Biffa backs environmentalists’ call for compulsory recycling targets

One of the UK's largest waste management companies has criticised the Government's draft National Waste Strategy for over-reliance on incineration and accuses policy-makers of stifling innovation in environmental technology.

Biffa, the UK’s fourth largest waste management firm has published its views on A Way with Waste, the Government’s proposed plan to meet EU Landfill Directive regulations (see related story).

“We’re not against incineration on the grounds of pollution,” Peter Jones, Biffa’s director of Business Development, told edie. “But we’re deeply suspicious of plans for 300,000 to 500,000 tonne throughput incinerators because we believe they will drive away innovation that could be taking place further up the supply chain.

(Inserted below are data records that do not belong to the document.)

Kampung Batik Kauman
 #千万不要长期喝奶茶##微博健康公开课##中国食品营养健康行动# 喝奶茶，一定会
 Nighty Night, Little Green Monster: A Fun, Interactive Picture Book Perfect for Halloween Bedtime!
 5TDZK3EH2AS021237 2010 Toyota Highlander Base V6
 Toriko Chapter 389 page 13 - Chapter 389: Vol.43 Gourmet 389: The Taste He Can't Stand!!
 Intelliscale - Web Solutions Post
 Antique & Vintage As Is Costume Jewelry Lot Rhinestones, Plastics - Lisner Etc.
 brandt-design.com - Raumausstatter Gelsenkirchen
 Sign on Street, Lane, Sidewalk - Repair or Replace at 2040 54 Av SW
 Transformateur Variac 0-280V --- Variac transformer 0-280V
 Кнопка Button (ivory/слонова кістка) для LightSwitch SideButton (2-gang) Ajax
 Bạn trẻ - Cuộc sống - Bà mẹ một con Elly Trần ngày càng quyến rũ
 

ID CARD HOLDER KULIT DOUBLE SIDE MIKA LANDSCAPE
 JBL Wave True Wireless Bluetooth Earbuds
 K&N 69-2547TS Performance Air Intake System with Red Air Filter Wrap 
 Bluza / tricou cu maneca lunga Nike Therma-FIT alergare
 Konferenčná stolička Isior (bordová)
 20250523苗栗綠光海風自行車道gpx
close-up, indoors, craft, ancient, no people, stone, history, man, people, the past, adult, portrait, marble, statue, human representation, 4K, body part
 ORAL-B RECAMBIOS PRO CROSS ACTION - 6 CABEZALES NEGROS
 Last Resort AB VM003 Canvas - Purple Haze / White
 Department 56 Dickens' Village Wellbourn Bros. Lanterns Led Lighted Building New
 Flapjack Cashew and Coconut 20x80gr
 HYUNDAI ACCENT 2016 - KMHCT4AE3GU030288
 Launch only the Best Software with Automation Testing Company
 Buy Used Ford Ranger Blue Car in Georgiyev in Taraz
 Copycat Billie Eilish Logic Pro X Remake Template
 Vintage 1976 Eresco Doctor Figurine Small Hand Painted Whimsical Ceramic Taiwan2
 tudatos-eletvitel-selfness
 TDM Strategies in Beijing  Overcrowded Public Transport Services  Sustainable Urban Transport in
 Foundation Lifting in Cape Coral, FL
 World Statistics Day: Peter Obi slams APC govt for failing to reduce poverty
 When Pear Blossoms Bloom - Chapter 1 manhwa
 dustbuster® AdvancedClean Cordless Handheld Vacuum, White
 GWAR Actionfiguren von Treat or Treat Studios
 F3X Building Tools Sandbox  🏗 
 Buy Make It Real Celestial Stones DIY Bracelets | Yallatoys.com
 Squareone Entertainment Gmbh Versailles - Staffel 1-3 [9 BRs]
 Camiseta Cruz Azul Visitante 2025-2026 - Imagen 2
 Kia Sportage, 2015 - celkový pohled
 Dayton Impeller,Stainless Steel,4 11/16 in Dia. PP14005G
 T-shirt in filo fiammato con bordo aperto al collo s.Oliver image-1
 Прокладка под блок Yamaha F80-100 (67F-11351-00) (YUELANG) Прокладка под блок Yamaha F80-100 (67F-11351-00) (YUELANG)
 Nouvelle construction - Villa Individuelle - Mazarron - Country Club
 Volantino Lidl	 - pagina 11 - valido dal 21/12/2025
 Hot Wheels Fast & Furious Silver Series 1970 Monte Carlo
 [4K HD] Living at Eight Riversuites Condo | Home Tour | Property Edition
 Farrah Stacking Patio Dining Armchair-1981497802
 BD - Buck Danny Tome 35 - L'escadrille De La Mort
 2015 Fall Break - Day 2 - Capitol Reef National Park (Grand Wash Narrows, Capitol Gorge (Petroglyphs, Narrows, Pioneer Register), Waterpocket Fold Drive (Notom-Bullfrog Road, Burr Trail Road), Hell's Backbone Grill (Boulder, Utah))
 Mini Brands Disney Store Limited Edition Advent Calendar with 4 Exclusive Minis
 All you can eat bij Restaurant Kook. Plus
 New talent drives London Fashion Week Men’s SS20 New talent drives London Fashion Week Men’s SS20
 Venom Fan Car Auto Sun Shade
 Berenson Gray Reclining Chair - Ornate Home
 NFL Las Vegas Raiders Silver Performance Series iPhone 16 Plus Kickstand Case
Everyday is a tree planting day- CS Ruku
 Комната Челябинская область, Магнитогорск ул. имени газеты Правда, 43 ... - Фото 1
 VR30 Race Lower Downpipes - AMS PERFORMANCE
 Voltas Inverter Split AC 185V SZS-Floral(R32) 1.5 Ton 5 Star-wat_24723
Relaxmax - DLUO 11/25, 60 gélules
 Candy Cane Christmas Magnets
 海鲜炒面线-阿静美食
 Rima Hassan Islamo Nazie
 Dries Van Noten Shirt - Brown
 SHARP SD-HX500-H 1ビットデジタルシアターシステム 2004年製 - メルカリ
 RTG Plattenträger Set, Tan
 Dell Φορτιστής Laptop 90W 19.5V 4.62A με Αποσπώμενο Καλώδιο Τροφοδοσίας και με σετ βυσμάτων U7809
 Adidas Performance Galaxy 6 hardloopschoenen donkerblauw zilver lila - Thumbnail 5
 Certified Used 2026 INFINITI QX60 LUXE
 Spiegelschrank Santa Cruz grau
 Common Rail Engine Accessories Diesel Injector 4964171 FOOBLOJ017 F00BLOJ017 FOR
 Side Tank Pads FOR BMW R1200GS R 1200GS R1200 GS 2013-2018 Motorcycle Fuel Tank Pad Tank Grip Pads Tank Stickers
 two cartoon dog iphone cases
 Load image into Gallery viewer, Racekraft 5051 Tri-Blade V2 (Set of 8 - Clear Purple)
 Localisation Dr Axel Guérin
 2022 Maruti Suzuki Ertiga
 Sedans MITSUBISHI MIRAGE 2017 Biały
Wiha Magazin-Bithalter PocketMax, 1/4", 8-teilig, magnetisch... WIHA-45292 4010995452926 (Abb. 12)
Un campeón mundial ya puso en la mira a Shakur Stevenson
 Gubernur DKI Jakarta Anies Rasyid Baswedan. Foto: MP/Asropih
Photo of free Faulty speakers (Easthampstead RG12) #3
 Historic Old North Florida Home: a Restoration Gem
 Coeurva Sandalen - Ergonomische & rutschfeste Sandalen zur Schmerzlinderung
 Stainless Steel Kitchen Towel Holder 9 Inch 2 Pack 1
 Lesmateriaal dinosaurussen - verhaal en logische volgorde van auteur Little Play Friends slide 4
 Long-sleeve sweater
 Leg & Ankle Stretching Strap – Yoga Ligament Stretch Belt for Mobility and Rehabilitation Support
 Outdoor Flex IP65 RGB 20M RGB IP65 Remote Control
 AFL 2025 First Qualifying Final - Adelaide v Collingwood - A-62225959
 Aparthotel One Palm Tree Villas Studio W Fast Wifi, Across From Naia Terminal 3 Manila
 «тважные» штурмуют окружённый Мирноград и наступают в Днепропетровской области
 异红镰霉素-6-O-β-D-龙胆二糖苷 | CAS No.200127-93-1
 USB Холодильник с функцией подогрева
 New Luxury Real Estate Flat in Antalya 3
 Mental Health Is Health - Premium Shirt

A Question of Balance, Biffa’s report, focuses on four main criticisms of the Government’s proposed waste strategy:

  • over reliance on large incinerators which could threaten the re-use and recycling markets
  • inadequate measures for supply chain reform, producer responsibility and product redesign
  • failure to promote changes to consumer behaviour
  • failure to make real progress on a national waste database

Biffa would like to see a growth in smaller-scale incinerators – of 20,000 to 40,000 tonne throughput – that would be part of integrated, local waste management plans. The company would also like to see compulsory targets for recycling. “In common with organisations such as Friends of the Earth, we believe mandatory recycling targets for businesses and households would be a more environmentally sustainable option,” states A Question of Balance.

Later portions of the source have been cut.